[EXCERPTED RECORDS Boundary: Start]

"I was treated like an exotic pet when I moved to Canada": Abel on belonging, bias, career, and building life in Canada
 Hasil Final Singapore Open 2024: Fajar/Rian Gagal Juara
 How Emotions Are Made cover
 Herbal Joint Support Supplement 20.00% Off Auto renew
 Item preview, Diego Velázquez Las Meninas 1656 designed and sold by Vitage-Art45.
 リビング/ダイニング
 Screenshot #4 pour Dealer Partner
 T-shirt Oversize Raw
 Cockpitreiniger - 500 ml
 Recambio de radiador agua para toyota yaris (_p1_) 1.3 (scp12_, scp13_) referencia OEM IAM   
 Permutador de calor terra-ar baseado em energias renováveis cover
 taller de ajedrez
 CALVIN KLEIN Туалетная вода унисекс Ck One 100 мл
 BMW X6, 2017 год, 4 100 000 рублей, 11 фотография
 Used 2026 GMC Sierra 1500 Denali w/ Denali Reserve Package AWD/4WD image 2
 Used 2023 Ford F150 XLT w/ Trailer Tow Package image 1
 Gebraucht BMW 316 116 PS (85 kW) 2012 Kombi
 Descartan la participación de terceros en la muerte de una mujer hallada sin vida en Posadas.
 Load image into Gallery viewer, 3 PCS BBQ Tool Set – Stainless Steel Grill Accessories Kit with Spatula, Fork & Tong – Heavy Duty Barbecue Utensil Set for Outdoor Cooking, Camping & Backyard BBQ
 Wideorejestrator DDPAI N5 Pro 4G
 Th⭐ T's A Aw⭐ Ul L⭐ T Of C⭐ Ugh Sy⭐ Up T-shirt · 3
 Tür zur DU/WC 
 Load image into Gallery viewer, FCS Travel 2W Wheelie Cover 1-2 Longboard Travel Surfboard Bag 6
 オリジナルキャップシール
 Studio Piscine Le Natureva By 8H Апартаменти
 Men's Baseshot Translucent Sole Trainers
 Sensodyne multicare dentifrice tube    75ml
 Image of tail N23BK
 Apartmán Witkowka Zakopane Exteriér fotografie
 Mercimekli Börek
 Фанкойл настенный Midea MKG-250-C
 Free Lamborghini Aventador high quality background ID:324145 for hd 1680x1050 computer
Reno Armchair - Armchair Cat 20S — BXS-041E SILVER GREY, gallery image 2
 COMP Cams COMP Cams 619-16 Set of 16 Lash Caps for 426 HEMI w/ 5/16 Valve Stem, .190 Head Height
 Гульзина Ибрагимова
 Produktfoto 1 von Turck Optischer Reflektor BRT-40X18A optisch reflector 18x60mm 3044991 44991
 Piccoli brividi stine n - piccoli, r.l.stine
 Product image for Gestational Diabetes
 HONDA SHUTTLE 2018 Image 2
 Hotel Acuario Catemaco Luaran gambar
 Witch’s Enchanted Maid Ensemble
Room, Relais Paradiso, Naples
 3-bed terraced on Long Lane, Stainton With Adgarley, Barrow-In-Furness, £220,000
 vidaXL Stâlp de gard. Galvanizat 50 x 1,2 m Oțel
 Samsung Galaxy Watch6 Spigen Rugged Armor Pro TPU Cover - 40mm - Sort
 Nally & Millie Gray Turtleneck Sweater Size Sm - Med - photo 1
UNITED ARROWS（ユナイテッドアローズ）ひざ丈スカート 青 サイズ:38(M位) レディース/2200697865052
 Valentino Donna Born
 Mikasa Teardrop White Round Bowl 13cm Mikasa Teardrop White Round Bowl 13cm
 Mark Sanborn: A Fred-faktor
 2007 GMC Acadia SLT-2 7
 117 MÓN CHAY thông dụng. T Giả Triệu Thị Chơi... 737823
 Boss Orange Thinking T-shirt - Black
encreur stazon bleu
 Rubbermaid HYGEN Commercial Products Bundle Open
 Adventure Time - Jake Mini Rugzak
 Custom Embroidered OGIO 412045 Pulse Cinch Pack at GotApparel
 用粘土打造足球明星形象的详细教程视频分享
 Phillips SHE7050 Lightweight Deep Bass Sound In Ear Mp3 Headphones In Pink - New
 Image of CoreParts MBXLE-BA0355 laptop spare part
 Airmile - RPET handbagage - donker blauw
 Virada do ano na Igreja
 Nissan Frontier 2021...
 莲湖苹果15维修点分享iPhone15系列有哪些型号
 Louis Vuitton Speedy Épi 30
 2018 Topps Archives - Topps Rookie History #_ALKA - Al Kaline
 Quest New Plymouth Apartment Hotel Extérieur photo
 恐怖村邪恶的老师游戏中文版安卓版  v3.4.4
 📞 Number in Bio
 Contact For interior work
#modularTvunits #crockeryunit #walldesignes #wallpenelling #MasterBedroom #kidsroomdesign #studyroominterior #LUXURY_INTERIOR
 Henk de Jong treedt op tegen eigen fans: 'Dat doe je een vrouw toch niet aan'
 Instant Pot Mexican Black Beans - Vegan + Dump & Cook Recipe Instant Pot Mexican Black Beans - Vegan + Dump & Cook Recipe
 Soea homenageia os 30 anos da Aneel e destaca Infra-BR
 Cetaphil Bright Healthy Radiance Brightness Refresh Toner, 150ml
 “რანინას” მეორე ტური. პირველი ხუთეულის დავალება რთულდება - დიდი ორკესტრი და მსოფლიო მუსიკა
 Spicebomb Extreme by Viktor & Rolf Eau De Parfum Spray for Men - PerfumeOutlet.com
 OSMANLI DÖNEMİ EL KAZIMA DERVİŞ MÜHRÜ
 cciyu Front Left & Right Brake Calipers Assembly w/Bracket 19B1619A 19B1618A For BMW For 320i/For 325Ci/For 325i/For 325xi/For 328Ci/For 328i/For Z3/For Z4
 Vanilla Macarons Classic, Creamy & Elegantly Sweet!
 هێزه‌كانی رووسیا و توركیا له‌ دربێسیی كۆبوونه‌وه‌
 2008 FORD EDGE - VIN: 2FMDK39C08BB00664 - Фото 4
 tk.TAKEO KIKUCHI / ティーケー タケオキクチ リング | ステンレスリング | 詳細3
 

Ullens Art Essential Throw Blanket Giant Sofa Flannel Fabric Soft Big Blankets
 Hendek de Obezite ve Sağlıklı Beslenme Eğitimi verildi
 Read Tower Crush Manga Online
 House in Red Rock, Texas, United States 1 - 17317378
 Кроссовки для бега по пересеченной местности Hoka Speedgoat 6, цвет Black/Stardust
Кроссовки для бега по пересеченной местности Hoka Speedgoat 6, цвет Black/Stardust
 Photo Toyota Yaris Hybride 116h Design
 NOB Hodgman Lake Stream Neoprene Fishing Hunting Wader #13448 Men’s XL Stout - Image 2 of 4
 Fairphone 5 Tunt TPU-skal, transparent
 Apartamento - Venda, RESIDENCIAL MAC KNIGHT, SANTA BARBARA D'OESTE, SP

[EXCERPTED RECORDS Boundary: End]

**TASK REQUIREMENTS:** Starting with the line above that holds "2007 GMC Acadia SLT-2 7" and stopping with the line that holds "用粘土打造足球明星形象的详细教程视频分享", reproduce each line exactly, omitting all other lines.

**REPLY TO THE EXERCISE:**
 2007 GMC Acadia SLT-2 7
 117 MÓN CHAY thông dụng. T Giả Triệu Thị Chơi... 737823
 Boss Orange Thinking T-shirt - Black
encreur stazon bleu
 Rubbermaid HYGEN Commercial Products Bundle Open
 Adventure Time - Jake Mini Rugzak
 Custom Embroidered OGIO 412045 Pulse Cinch Pack at GotApparel
 用粘土打造足球明星形象的详细教程视频分享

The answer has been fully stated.